──────── Information provided ────────

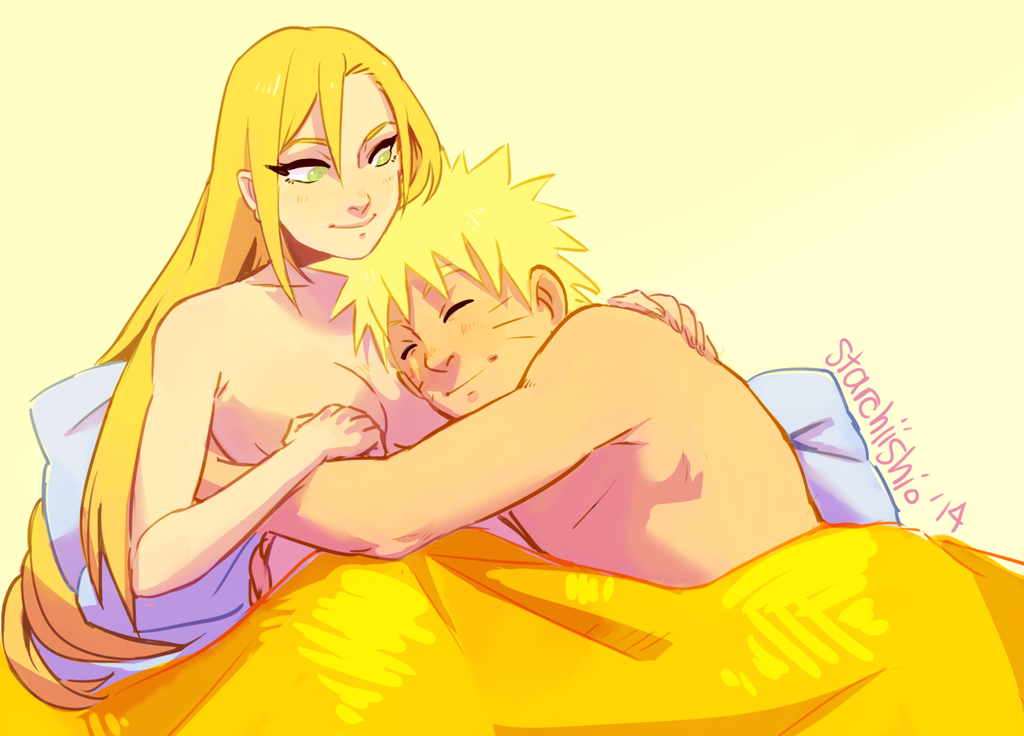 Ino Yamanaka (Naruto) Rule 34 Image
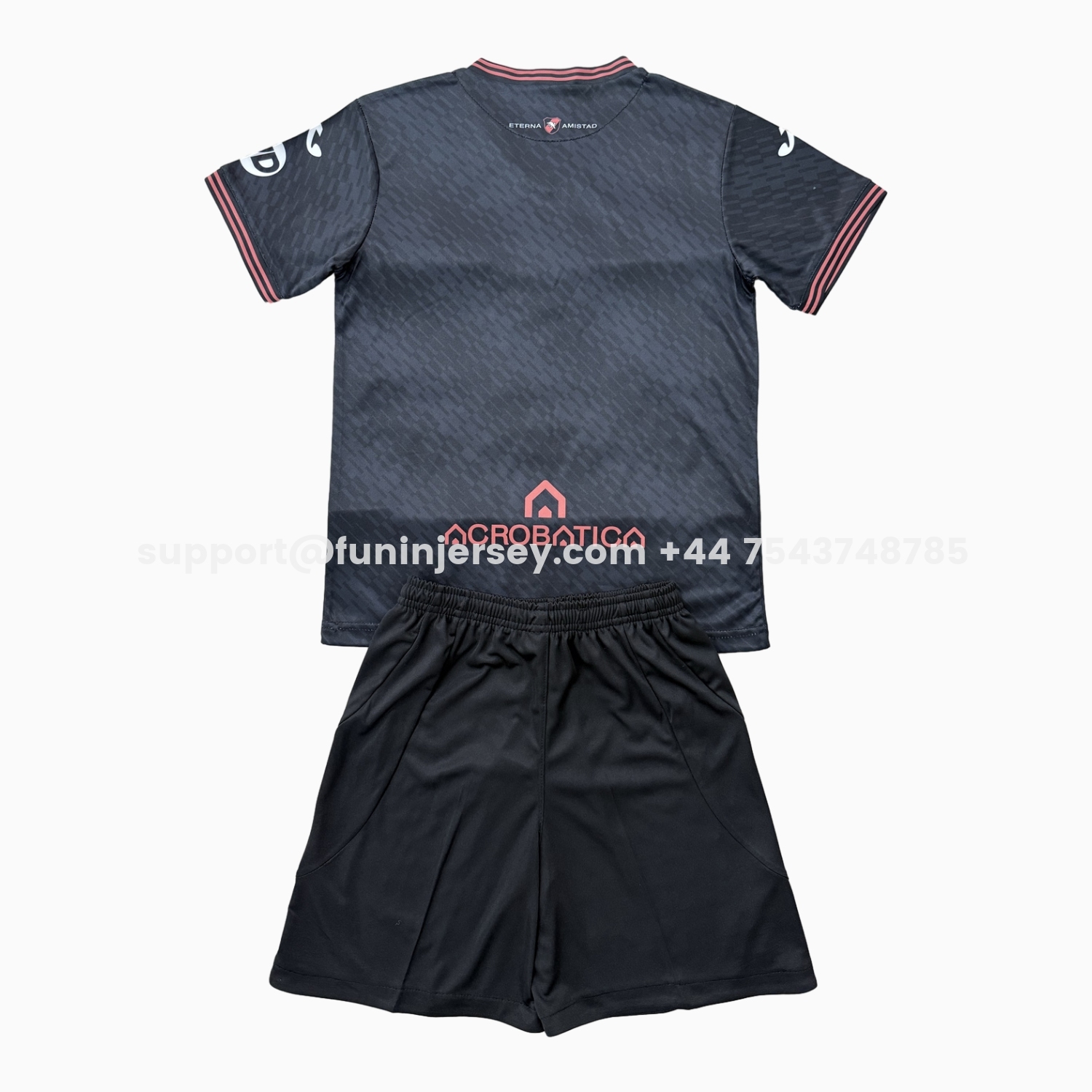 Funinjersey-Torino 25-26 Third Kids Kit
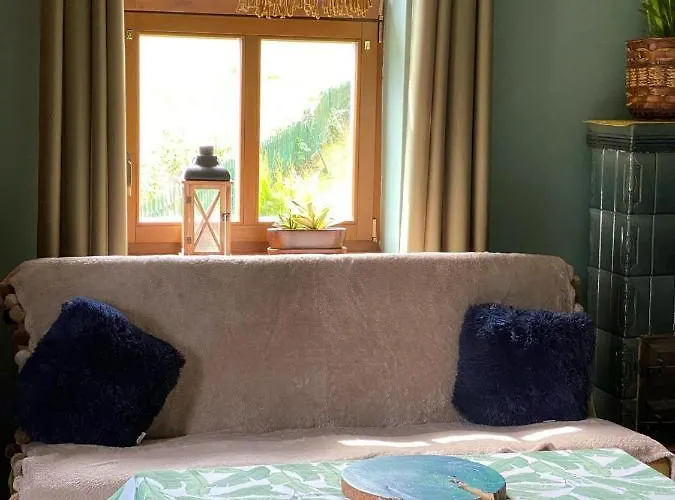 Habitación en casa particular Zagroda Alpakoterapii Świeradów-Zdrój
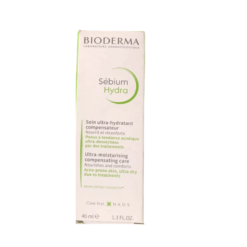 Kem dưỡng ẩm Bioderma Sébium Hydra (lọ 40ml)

────────

What you will do: Your answer should be the lines above from the one that contains "Habitación en casa" through the last, set down exactly, with the pictures removed.

Response to this task:
 Habitación en casa particular Zagroda Alpakoterapii Świeradów-Zdrój
 Kem dưỡng ẩm Bioderma Sébium Hydra (lọ 40ml)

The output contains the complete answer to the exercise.